BioWorld International Correspondent
Sydney, Australia Stem Cell Sciences Ltd., an unlisted company based in Sydney, said it has exclusive rights to technology reportedly used by Chinese researchers to clone very early stage human embryos as a source of stem cells.
SCS announced that it had rights to the cell nuclear replacement (CNR, or therapeutic cloning) to clone 200-cell embryos. The technology was used by the Chinese team, led by Lu Guangxiu of the Xiangya Medical College in Changsha.
The Wall Street Journal reported the claim by the Chinese scientists in early March, with Lu telling The Wall Street Journal that only 5 percent of the cloned embryos survived to the 200-cell stage, needed for stem cell harvesting.
Media reports have since stated that Lu, who runs a fertility clinic, is regarded as a credible scientist in China.

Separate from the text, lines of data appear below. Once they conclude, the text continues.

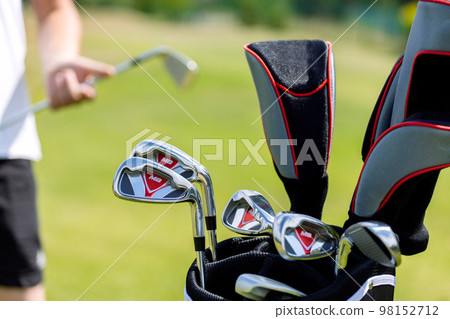 Black golf club bag on the golf course against a background of green grass. High quality photo 98152712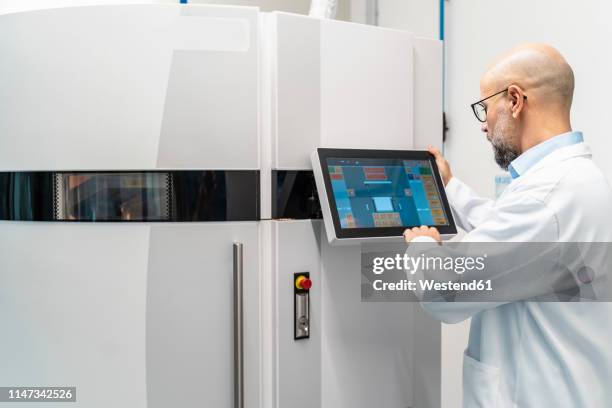 technician wearing lab coat operating 3d printer - 3d printen factory stockfoto's en -beelden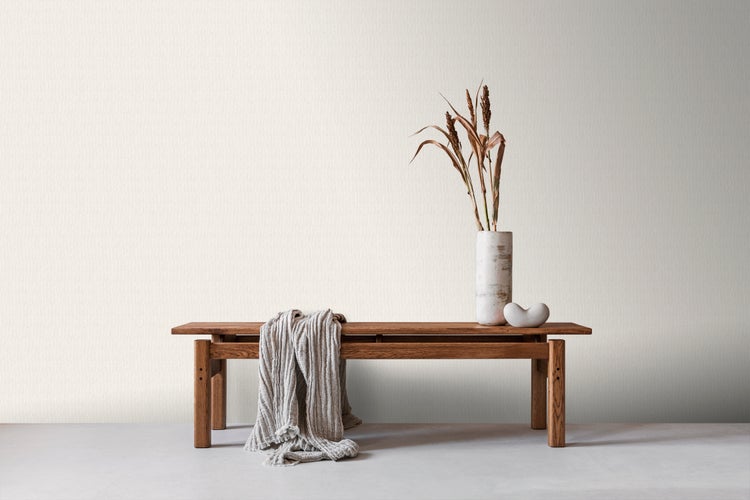 Szene mit einer Holzbank, einer Vase mit getrockneten Blumen, einer Dekofigur und einer Decke.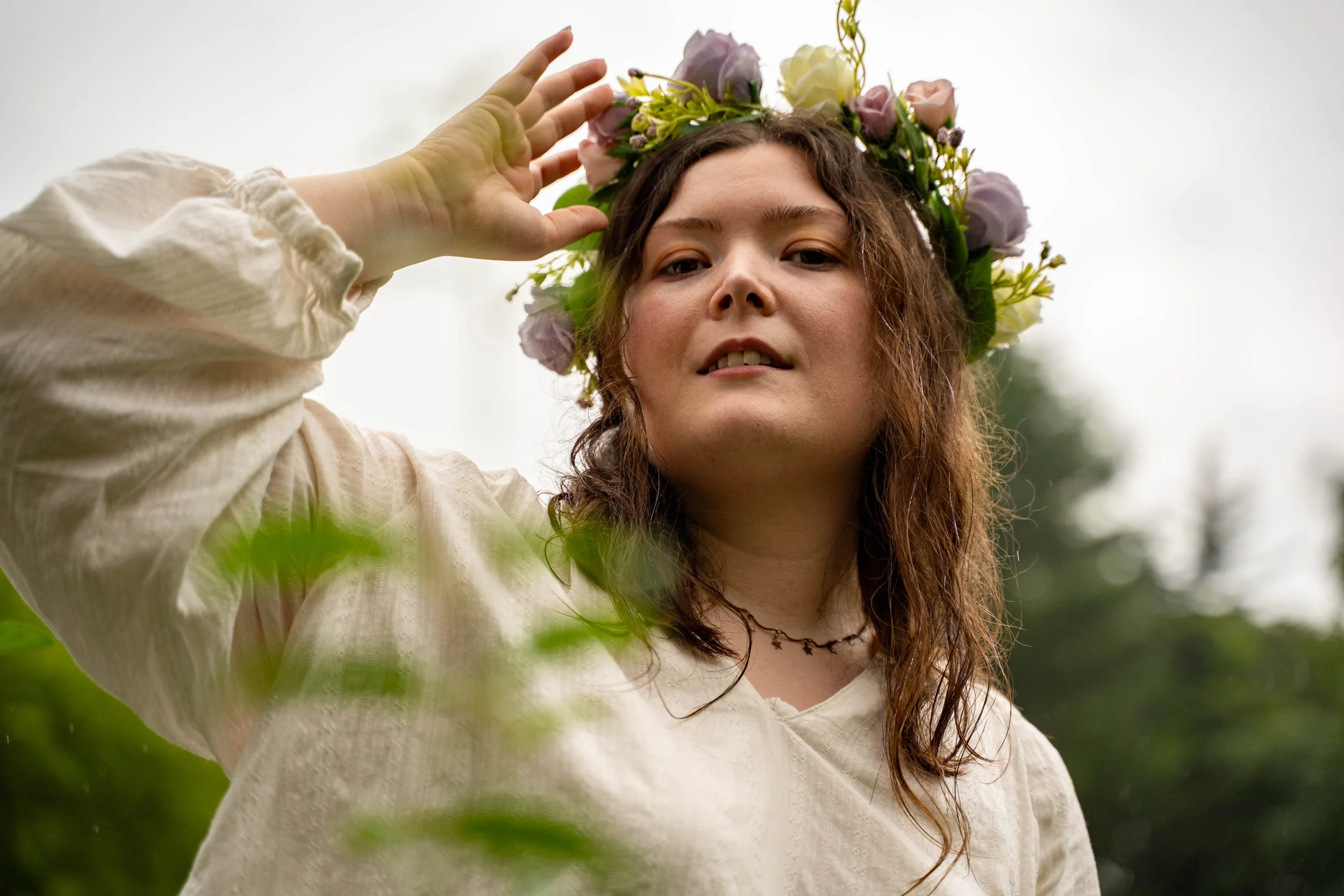 A young woman with wavy brown hair wearing a flower crown made of pink, purple, and white flowers, dressed in a cream-colored blouse, standing outdoors with blurred greenery in the background.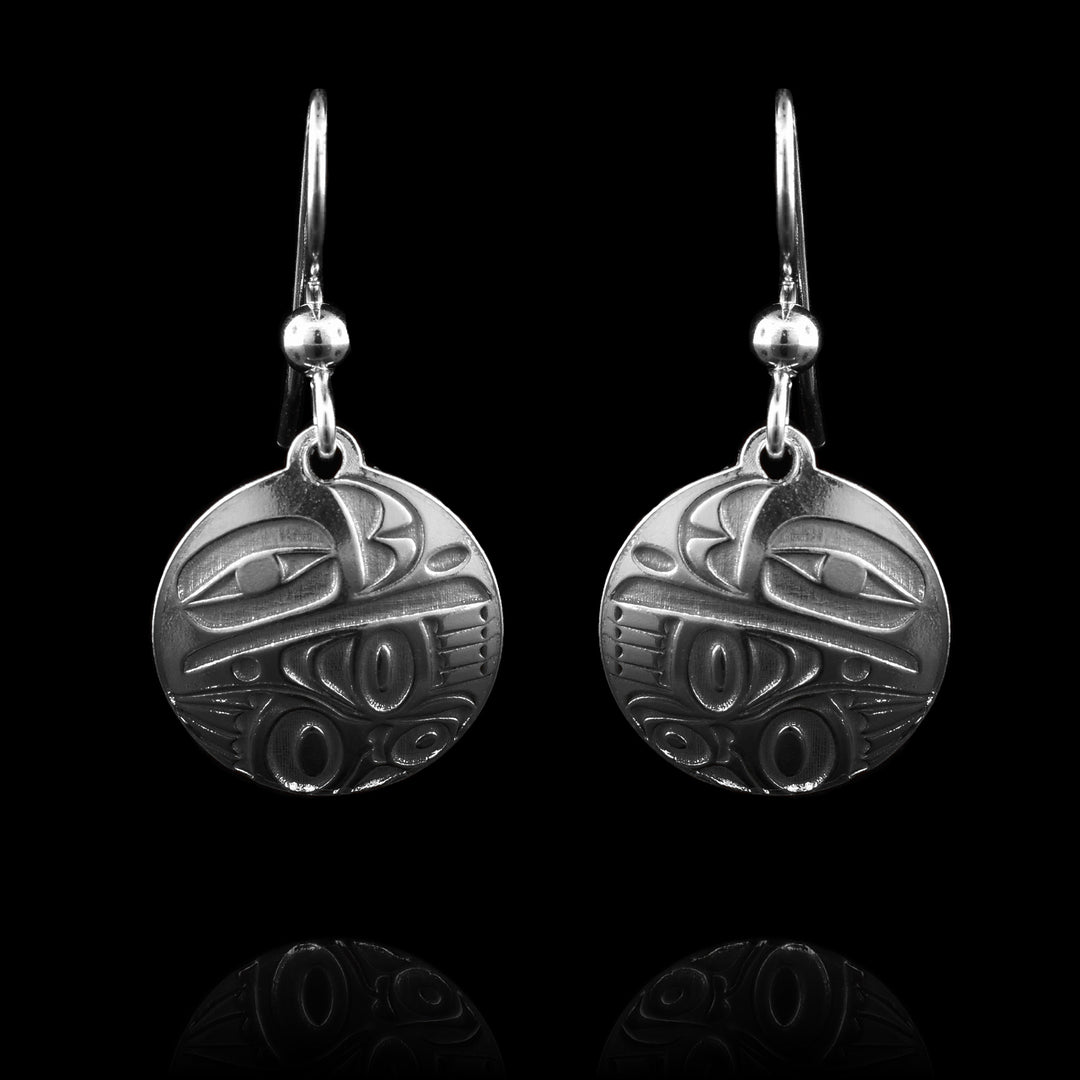 This dainty Raven sterling silver dangle earrings has a circle shape made from sterling silver. There is a depiction of the Raven cast into the earrings.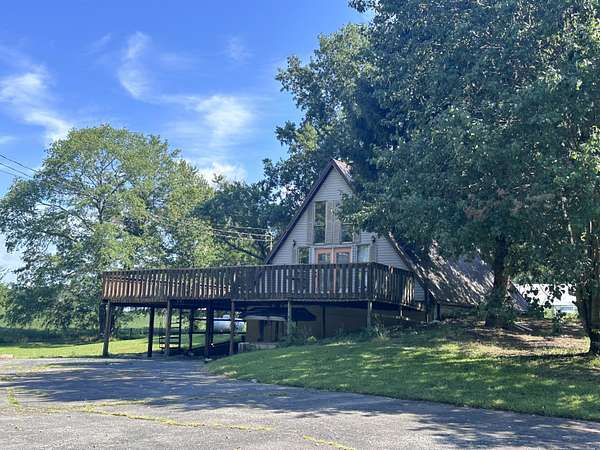 1.5 Acres of Residential Land with Home for Sale in Russell Springs, Kentucky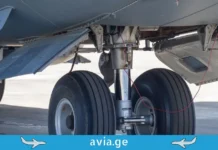 მოზარდი, რომელიც თვითმფრინავის შასის (ბორბლების) განყოფილებაში დაიმალა თვითმფრინავის შასის (ბორბლების) მექანიზმი ახლო ხედით, avia.ge-ს ლოგო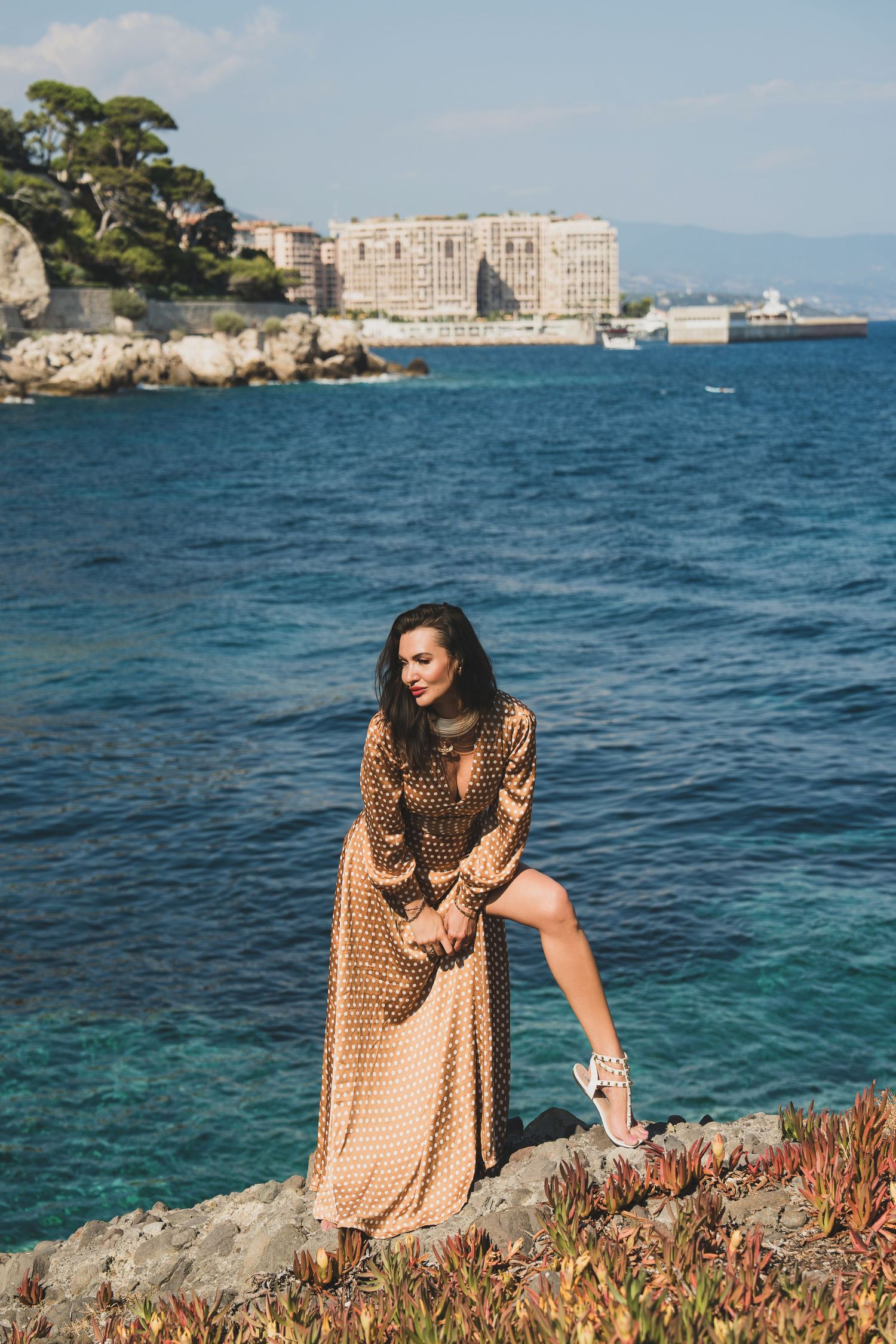 Brunette woman in gold polka dot long dress sitting on coastal rocks with blue sea backdrop.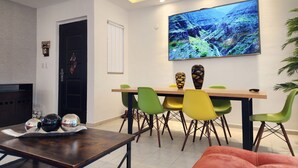 Un espace repas moderne avec une table en bois et des chaises colorées, un téléviseur à écran plat fixé au mur et un vase décoratif.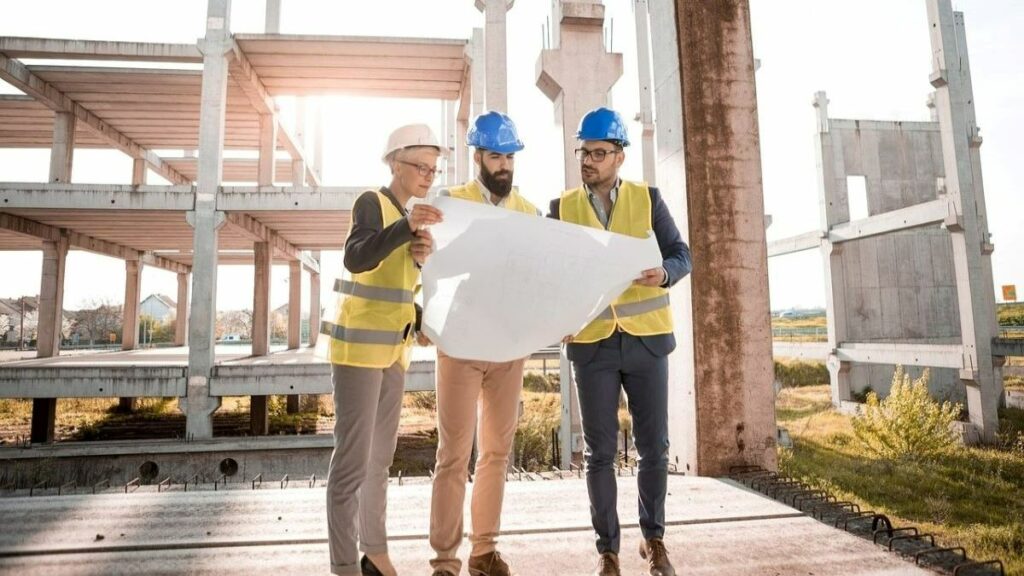 a career in construction represented by three people standing together on the flooring of a building under construction reviewing blueprints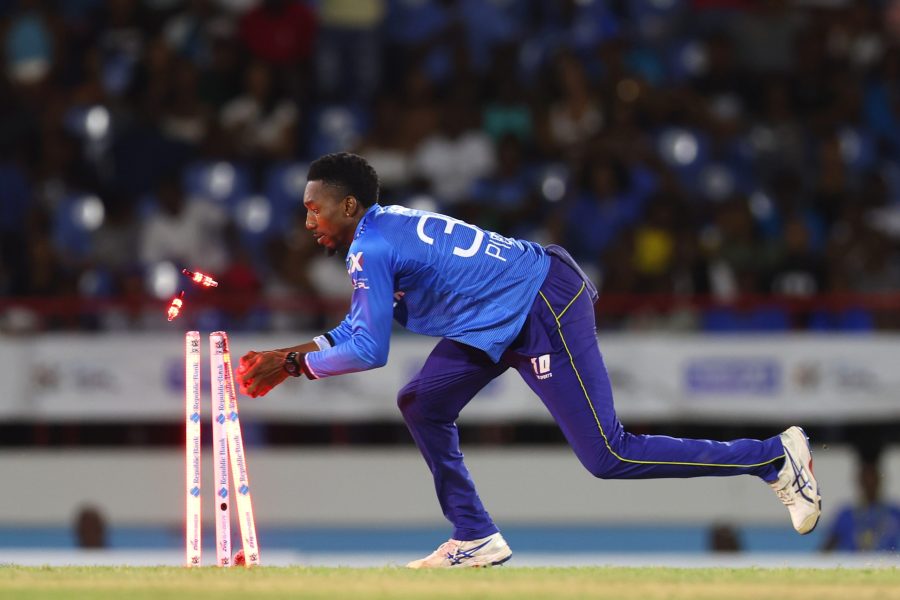 GROS ISLET, SAINT LUCIA - SEPTEMBER 15: Khary Pierre of St Lucia Kings runs out Shamar Springer of Antigua & Barbuda Falcons during the Men's 2024 Republic Bank Caribbean Premier League match between Saint Lucia Kings and Antigua & Barbuda Falcons at the Daren Sammy National Cricket Stadium on September 15, 2024 in Gros Islet, Saint Lucia. (Photo by Ashley Allen - CPL T20/CPL T20 via Getty Images)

After news of Lu’s work broke, SCS Managing Director Peter Mountford announced that his company had the rights to SCS technology used by Lu, but did not reveal any details of the agreement.
He also said the patented technology had been developed, using a mouse model, at the Institute of Reproduction and Development at Monash University in Melbourne and the Centre for Animal Biotechnology at Melbourne University.
“We are delighted that the discoveries made here in Australia in the first-ever proof of principle of CNR appear to have been validated in the human system,” Mountford said. “We look forward to scientific publication of the work, which must, of course, undergo the appropriate peer review.”
Mountford told BioWorld International that SCS initially planned to use any embryonic stem cells harvested from the cloned embryos to build what amounted to a mass bioscreen to look for lead molecules. The screen would use stem cells from both diseased and healthy humans.
Future work in Australia may depend on current federal government deliberations over which line to take on embryonic stem cell research. At present, the area is governed by a patchwork of state regulations. The federal government has reportedly considered banning stem cell work, with the government of New South Wales, the largest Australian state, reacting by threatening legislation to permit the work. The debate has been continuing for several months.